A device for detecting optical signals includes a camera and a point detector. When a camera is used, a method of recording only a part of an imaging region (subarray readout) or recording pixels in a group (pixel binning) is mainly used for high-speed imaging. However, in this case, there may be a problem in that an observation region is limited or a resolution is lowered.

In most cases, a frame rate of a general camera is tens to hundreds of Hz. That is, in order to capture an image at a frame rate higher than KHz, image processing has to be performed by using only very limited pixels, and accordingly, application is severely limited. In addition, a point detector actually has no limit in speed, but since information of only one pixel is recorded at a time, there is a disadvantage in that an image has to be combined with a scanning module to be recorded. Even in this case, there is a problem in that it is difficult to increase speed more than KHz because the speed is reduced as more scanning is performed.

In this regard, Korean Patent Publication No. 10-2017-0099985 (Title of the Invention: IMAGING METHOD, AND SYSTEM, FOR OBTAINING A SUPER-RESOLUTION IMAGE OF AN OBJECT) discloses an imaging method for obtaining a super-resolution image of an object based on an optical microscope configured to capture an image of the object.

SUMMARY

The present disclosure provides an optical detection system and an optical detection method that may detecting an optical signal in units of a certain region-of-interest (ROI) desired by a user.

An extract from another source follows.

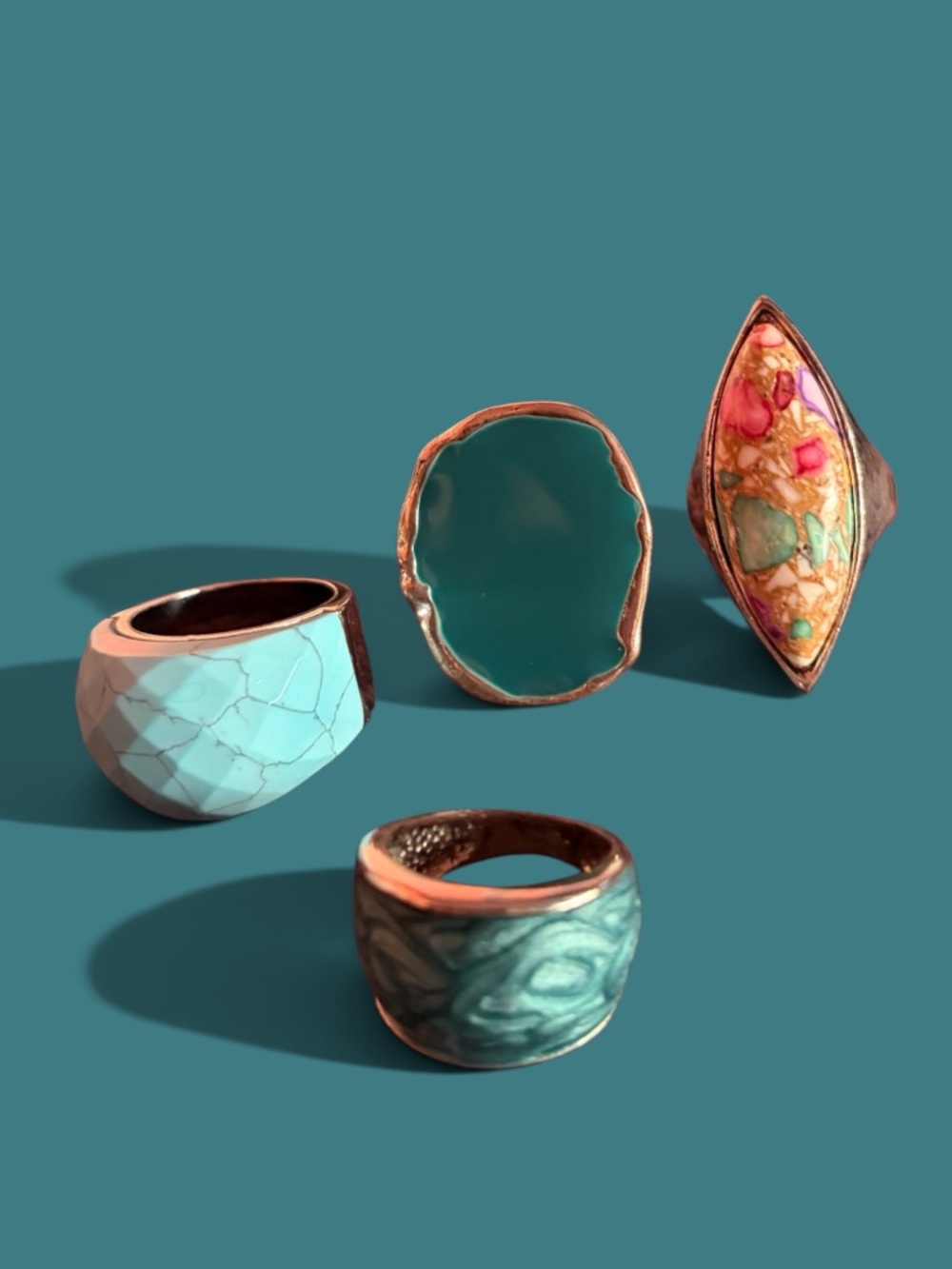 Collection of Ladies Rings - Picture 2 of 5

Technical objects to be achieved by the present embodiments are not limited to the above technical object, and there may be other technical objects.

According to an aspect of the present disclosure, an optical detection system based on image segmentation includes a pattern generator configured to select at least one region-of-interest from a target image and generate a specific pattern for controlling optical paths for the at least one region-of-interest, a light modulator configured to receive the specific pattern and selectively separate the optical paths for the at least one region-of-interest from the target image, and an optical detection unit configured to detect separated optical signals for the at least one region-of-interest based on different pixels.

According to another aspect of the present disclosure, an optical detection method using an optical detection system based on image segmentation includes selecting at least one region-of-interest from a target image and generating a specific pattern for controlling optical paths for the at least one region-of-interest by using a pattern generator, receiving the specific pattern and selectively separating the optical paths for the at least one region-of-interest from the target image by using a light modulator, and detecting, by an optical detection unit, separated optical signals for the at least one region-of-interest based on different pixels.

According to any one of the above-described problem solving means of the present application, a region-of-interest to be observed at high speed is separated optically from an image captured at high resolution and high speed, and then, optical signals generated in each region-of-interest are detected based on different pixels, and accordingly, The optical signals may be recorded at high speed.

Furthermore, the present disclosure may be attached to various camera-based microscopes in the form of an additional module, and thus, the present disclosure may be easily applied to the industry.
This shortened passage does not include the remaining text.